1. Raising a Child Is Expensive

Most people know that children add to household expenses, but did you know raising 1 child in the United States can cost anywhere from $174,690 to $372,210 from birth to age 17? This total doesn’t factor in college expenses or costs associated with pregnancy, childbirth, or adoption. If you end up with sole custody of a child, your spouse does have to pay a certain amount of child support. However, the court will determine how much is fair.

2. Women Have to Pay Child Support Too

Earlier in history, men could find jobs more easily and were regarded as the financial support structure of the family. Now, both sexes are treated more equally. Both women and men typically work, and their incomes contribute to the family’s overall financial stability. If a father gets physical custody of a child, the mother must pay child support to supplement the expenses the child will accrue. Also, if a judge rules that the mother is the custodial parent, it doesn’t mean she can save all her money for her own expenses. The court assumes that, as the custodial parent, she is already contributing her share of child support by paying the day-to-day costs of raising a child. Currently, around 15% of all people who pay child support are women.

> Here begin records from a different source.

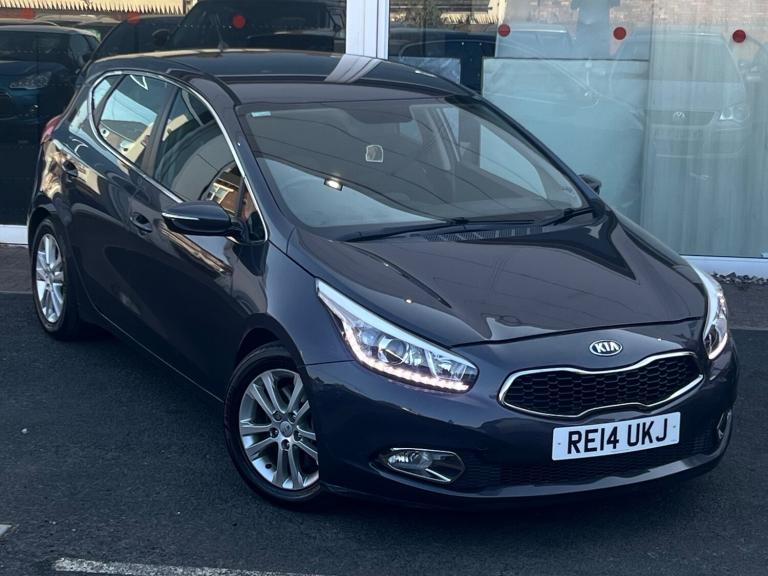 2014 Kia Ceed 1.6 GDi 2 EcoDynamics 5dr HATCHBACK Petrol Manual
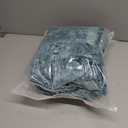 Light Blue Curtains 96 inches - Luxury Room Darkening Velvet Drapes for Living Room Thermal Insulated Panels for Large Window Home Decor Drapery for Bedroom, 52 x 96, Set of 2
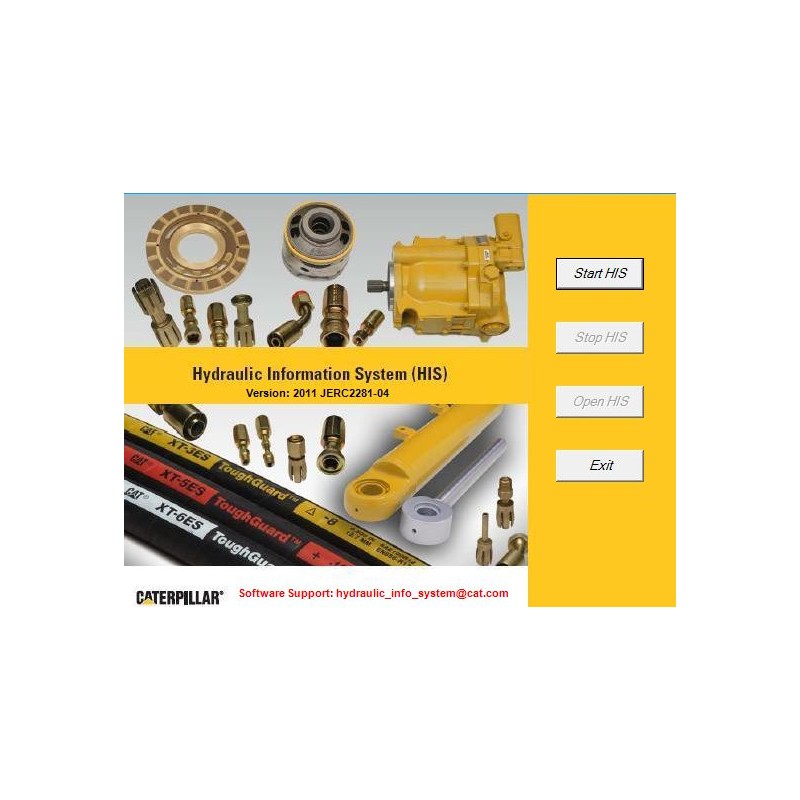 Sistema de Informação Hidráulica da Caterpillar (His) Download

3. Child Support Orders Can Be Modified

If a judge rules your ex has to pay a certain amount every month, this order won’t necessarily last until your child turns 18. If one of your circumstances changes, either you or your ex can ask the court to modify the amount. For example, if your ex loses a job, he or she may be unable to continue paying child support and could ask the judge to reduce the quantity until a new job is found. Likewise, your ex could request a decrease in the payment if you found a better job that pays more. Because of your change in situation, a judge could rule that your ex owes less because of the income increase.

If you have more questions about child support, or would like to begin divorce proceedings, contact one of our Austin family law attorneys. Call us at (512) 355-1123 or fill out our online form for a case consultation. We look forward to hearing from you.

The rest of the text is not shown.